Вся семья в тот же день перебралась бы в Москву, если бы не помешал ремонт таганского дома. Любимая дача и этот чудный лес казались теперь зловещими, постылыми, полными призраков и теней… В газетах ещё раньше прочли о таинственном убийстве неподалеку от их дачи, в Сокольниках.

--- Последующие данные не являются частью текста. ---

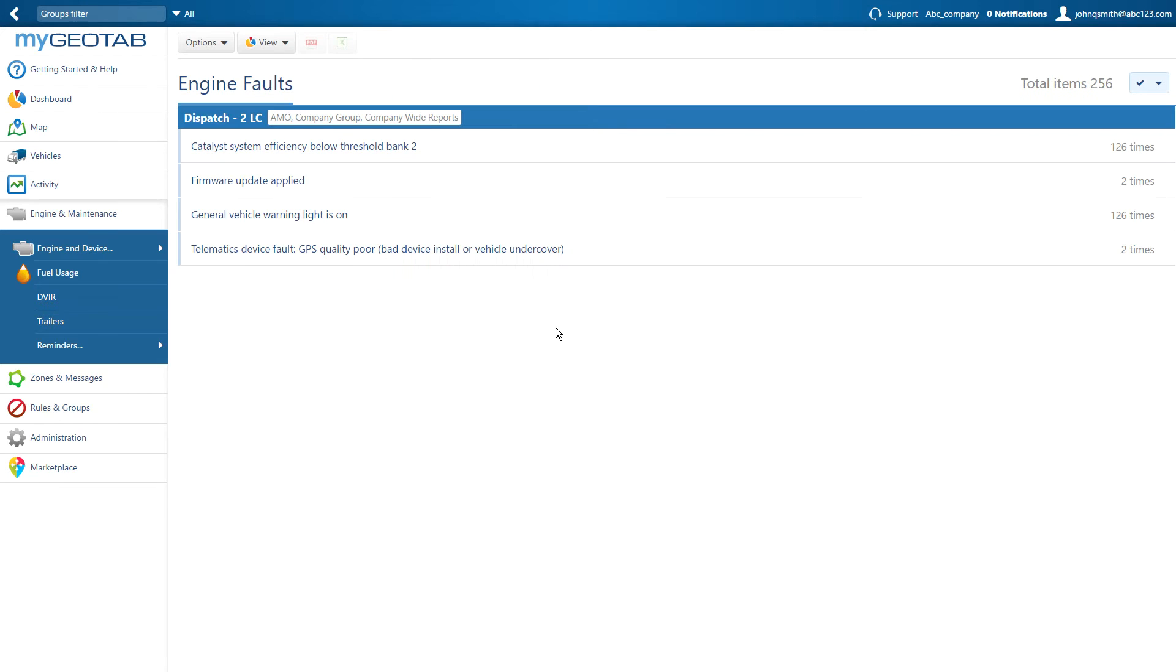The resulting list will display faults that come from both the Go device and the vehicle's ECM.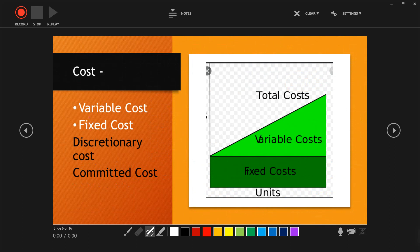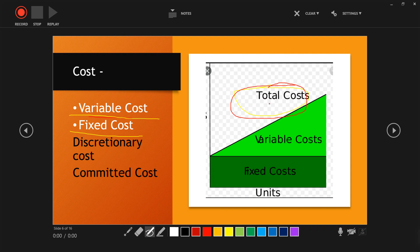Variable cost keeps varying as per the level of output; fixed cost remains fixed. Total Cost = Fixed Cost + Variable Cost. Mixed cost is a combination of both fixed and variable cost, which will be discussed further in the upcoming slides.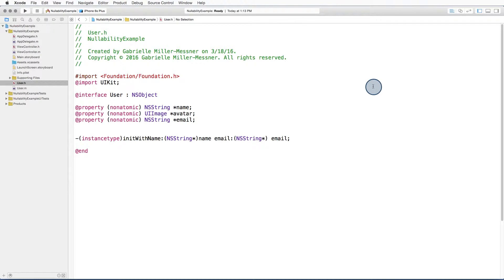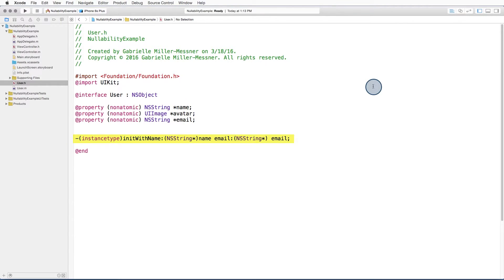Let's say we have an Objective-C class that represents a user. Our user class has properties representing a user's name, email, and avatar. And down here, we have an initializer that takes two strings as parameters, but doesn't take an avatar. Not every user has an avatar.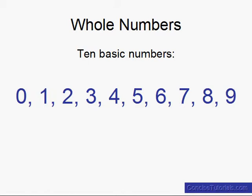In our number system there are 10 basic numbers. They're 0, 1, 2, 3, 4, 5, 6, 7, 8, and 9. And these 10 basic numbers are what we refer to as digits.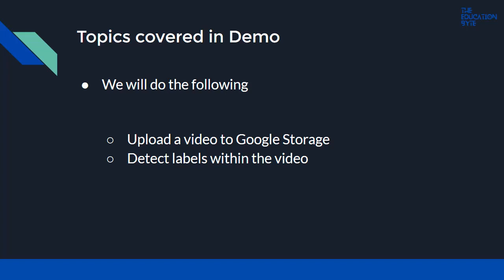So that was a quick introduction to Video Intelligence API. Thank you, and I'll see you in the next lecture.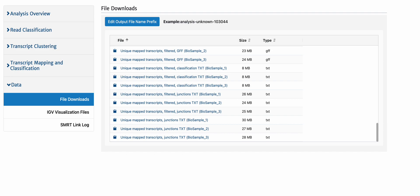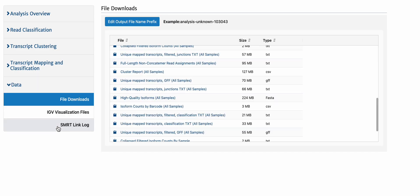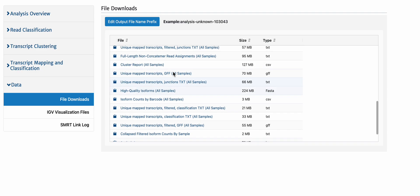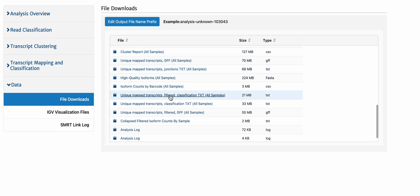If we go back to the data output for the pooled analysis, you'll notice everything says all samples. That means pigeon was only run on a pooled result.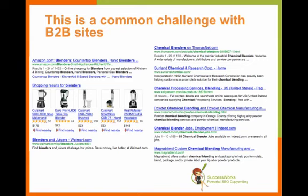The challenge is that in Google's world, when you type the word 'blenders' into the search engine, what you come back with are consumer results. So it's not talking about how to mix chemicals — we're talking about how to mix smoothies. So folks that don't know that end up optimizing their site for a term that isn't going to drive them targeted traffic.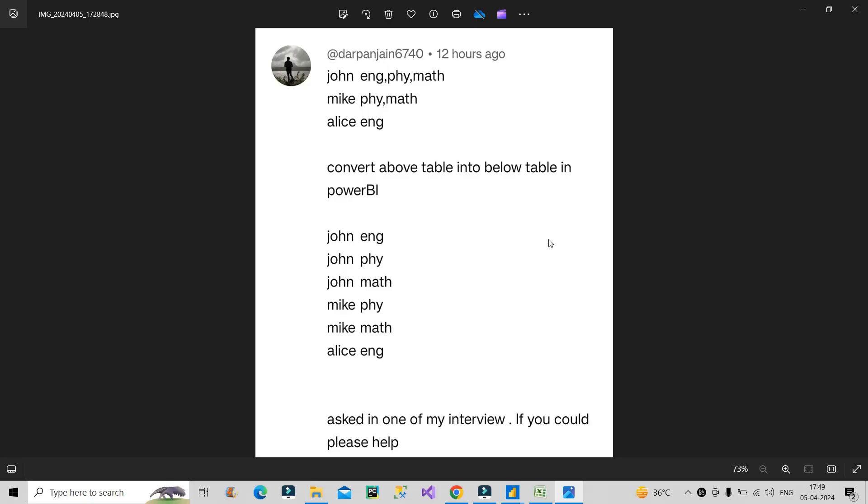You can see he has mentioned there are two columns: one is containing John, Mike, Alice, which means the name of the person, and in another column the subjects taken by those people are shown. For example, John has taken English, Physics, Maths; Mike has taken Physics, Maths; Alice has taken English.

Все чего-то боялись… Казалось, мертвецы по ночам бродят крутом дома, заглядывают в окна и стучат в рамы… И как ни старался трезвый Капитон уверить брата, дам и прислугу, что это ветер трясет рамами, что брызги дождя или ветка стучат в окна, ему не верили, с ним спорили вражбедно, отстаивая права ушедших здесь, на земле… Николай перешел жить к Капитону, комнаты Лизы и Анны Порфирьевны стояли запертыми на ключ. И одна только Катерина Федоровна с нянюшкой приходили по утрам стирать пыль в будуаре Лизы… Катерина Федоровна ничего не позволяла переложить или тронуть. Часто схватив её вышивку или закладку в книге, она вскрикивала и, горячо целуя эти безжизненные предметы, заливалась слезами. И нянюшка Анфиса Ниловна, подгорюнившись, начинала рассказывать что-нибудь из прошлого «цыганки», чувствуя, что эти слезы дают «молодой» облегчение…

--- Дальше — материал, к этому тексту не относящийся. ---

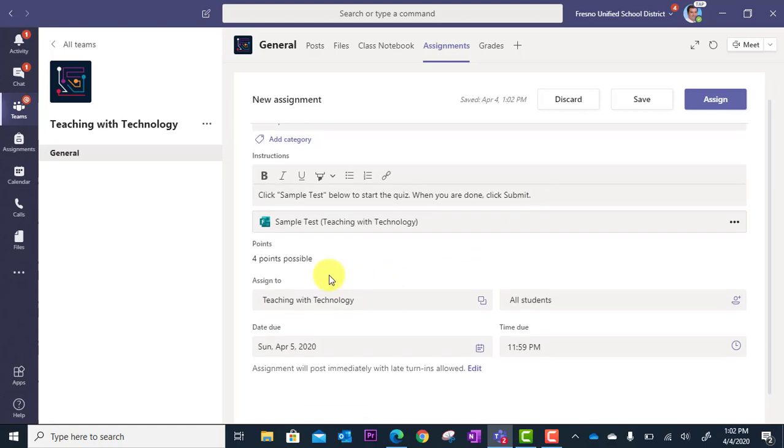You'll notice it's already given me points because when I created this quiz in Microsoft Forms, I gave point values to each question. So that's automated for you.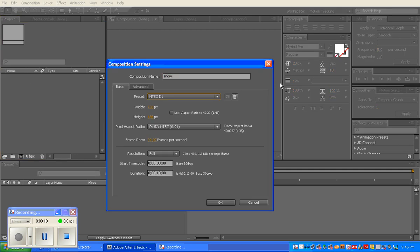The first thing you need to do is create a new composition called Snow. The composition is not the length of your footage, but the length the snow occurs over your film. So if two minutes of your film happen outside, you need a two-minute loop of snow. We're going to do a 10-second loop.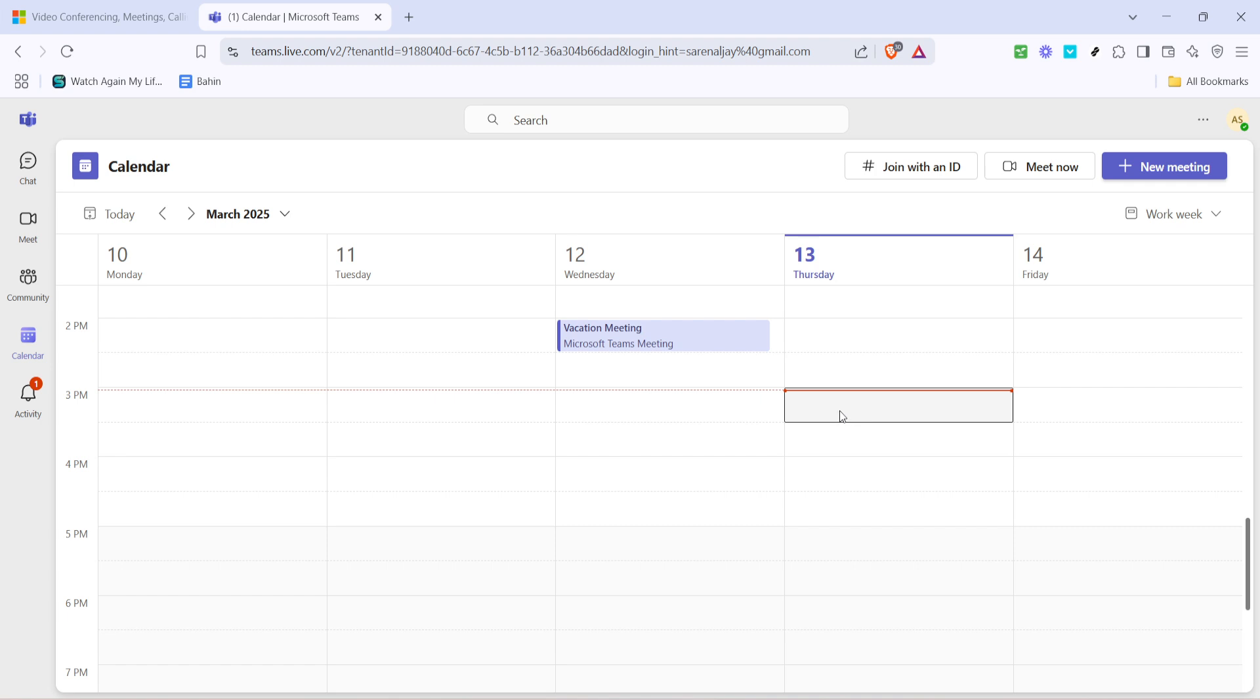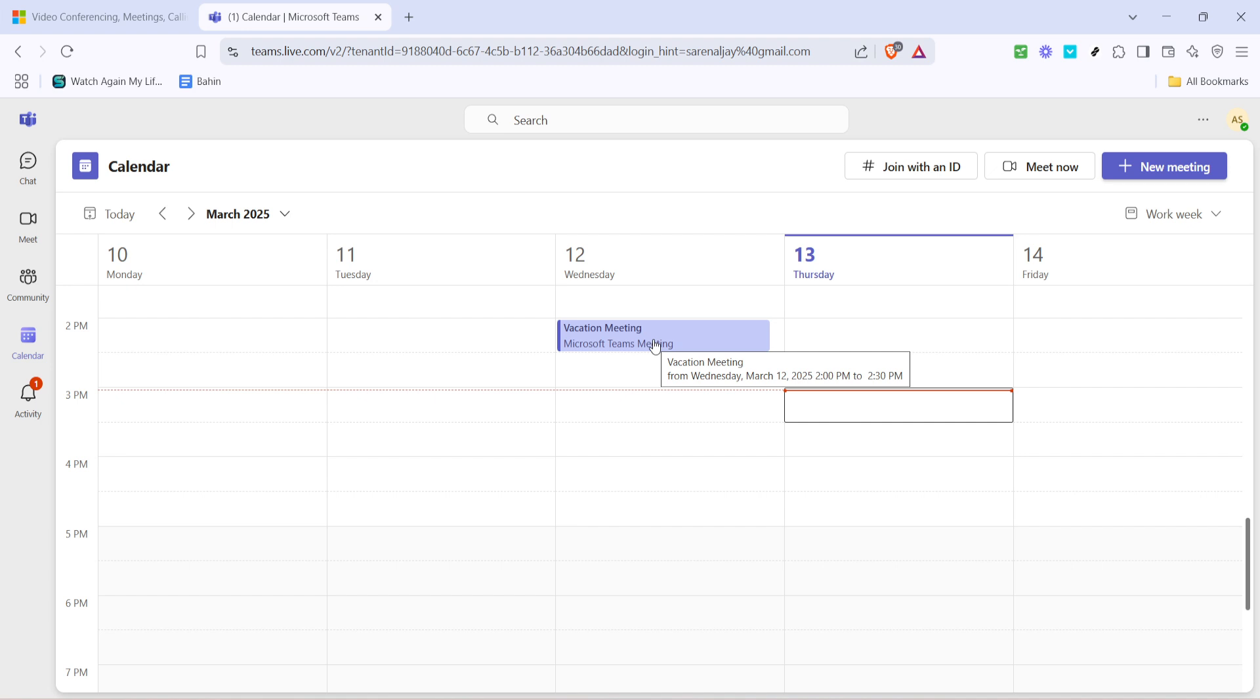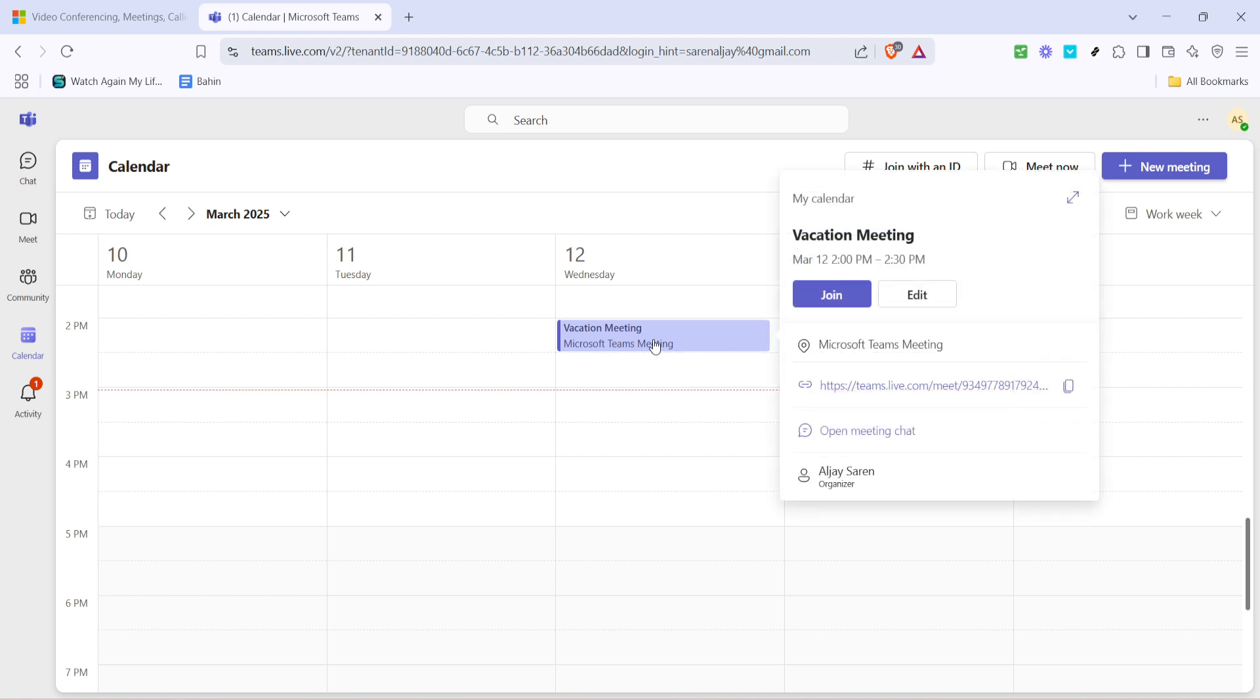After you're in your calendar, take a moment to find the specific meeting you want to share. You'll see each of your scheduled meetings displayed as separate entries on the calendar grid. If you have a busy schedule, use the search bar or scroll through your calendar to locate the right meeting. This is a handy feature when you need to quickly navigate through multiple meetings. Once you've located the meeting you want to share, click on it to open the meeting details.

Но когда наступала ночь, страх рос, заглушая нежность… Катерина Федоровна клялась, что слышала в коридоре шаги, легкие и печальные, шаги Лизы… Она спала с Соней. Но потом потребовала, чтобы и нянюшка, которая одна ничего не боялась, ложилась рядом, в будуаре… Николай и Фимочка тоже слышали внизу легкий скрип половиц по ночам.
— Полы ссыхаются! — сердился Капитон. — Эка диковинка!..

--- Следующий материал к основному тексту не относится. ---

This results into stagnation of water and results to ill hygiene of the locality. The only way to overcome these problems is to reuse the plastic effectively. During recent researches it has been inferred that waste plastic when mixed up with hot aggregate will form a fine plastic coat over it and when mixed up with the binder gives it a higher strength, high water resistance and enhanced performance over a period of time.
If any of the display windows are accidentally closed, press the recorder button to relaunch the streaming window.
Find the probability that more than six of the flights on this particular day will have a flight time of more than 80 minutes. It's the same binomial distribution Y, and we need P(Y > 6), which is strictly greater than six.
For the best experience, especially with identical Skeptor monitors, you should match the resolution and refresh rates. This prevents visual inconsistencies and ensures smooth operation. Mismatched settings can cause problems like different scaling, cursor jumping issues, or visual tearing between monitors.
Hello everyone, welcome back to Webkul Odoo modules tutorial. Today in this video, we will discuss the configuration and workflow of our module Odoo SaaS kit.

Но когда как-то раз, в дождливый холодный вечер, в окно ярко озаренной столовой ударилась крылом преследуемая кем-то птица, все вскочили из-за стола, закричали, а с Катериной Федоровной сделалась истерика. Капитон велел завтра же послать за фурами и назначил день отъезда.
Тобольцев упорно боролся с настроением Анны Порфирьевны.
— Маменька, — говорил он, — возьмите себя в руки! Не думаете ли вы, что и я не страдаю? Ведь я любил Лизу, как мужчина любит желанную, прекрасную женщину… Но такая печаль — чувство разрушающее! В нем нет творческих элементов, оно вредно для жизни… Я знаю, Лиза была красотой вашего существования, да! Но, маменька, нельзя остановиться! Нельзя застыть в тоске… Смерть неизбежна. Жизнь коротка. А кругом ещё так много прекрасного!..
Они объехали весь южный берег. Но природа, мирившая Тобольцева со всякой утратой, учившая его понимать свое место в мире, в сектантской душе его матери вызывала новый взрыв скорби. её оскорбляла и раздражала эта равнодушная красота живущего — теперь, когда Лиза исчезла…
Они вернулись в конце сентября, а через два дня Катерина Федоровна родила девочку. По желанию Тобольцева, они наняли квартиру в одном из переулков Арбата. Соня жила с сестрой. В отсутствие Тобольцева примчался Чернов, полный самого воинственного пыла. Катерина Федоровна встретила его сурово. Но смерть Лизы и Федосеюшки и отсутствие Тобольцева так поразили Чернова, что ярость и ревность его улетучились, и он расплакался. Он страстно звал Соню к себе, прося предать все забвению, на коленях клялся не изменять… Соня не отвечала ни да, ни нет… А теперь она не хочет оставить больную сестру.
Капитон и свекровь опять были приглашены крестить. Анна Порфирьевна на имя внучки положила десять тысяч в банк. Но и к ней она выказывала такое же равнодушие, как и к Аде. Капитон мог утешиться. Очевидно, матери его были чужды все инстинкты нежной бабушки…
— Жаль! — говорил Тобольцев возмущавшейся жене. — Жаль не детей, конечно… Им и так хорошо… Мне жаль маменьку… Эти чувства удивительно скрашивают жизнь женщины, у которой все позади!.. Но — откровенно говоря — мне эта черта в матери нравится. Я вижу в этом нечто новое… Лиза была ей дороже собственных детей и внуков… А разве это не ценно?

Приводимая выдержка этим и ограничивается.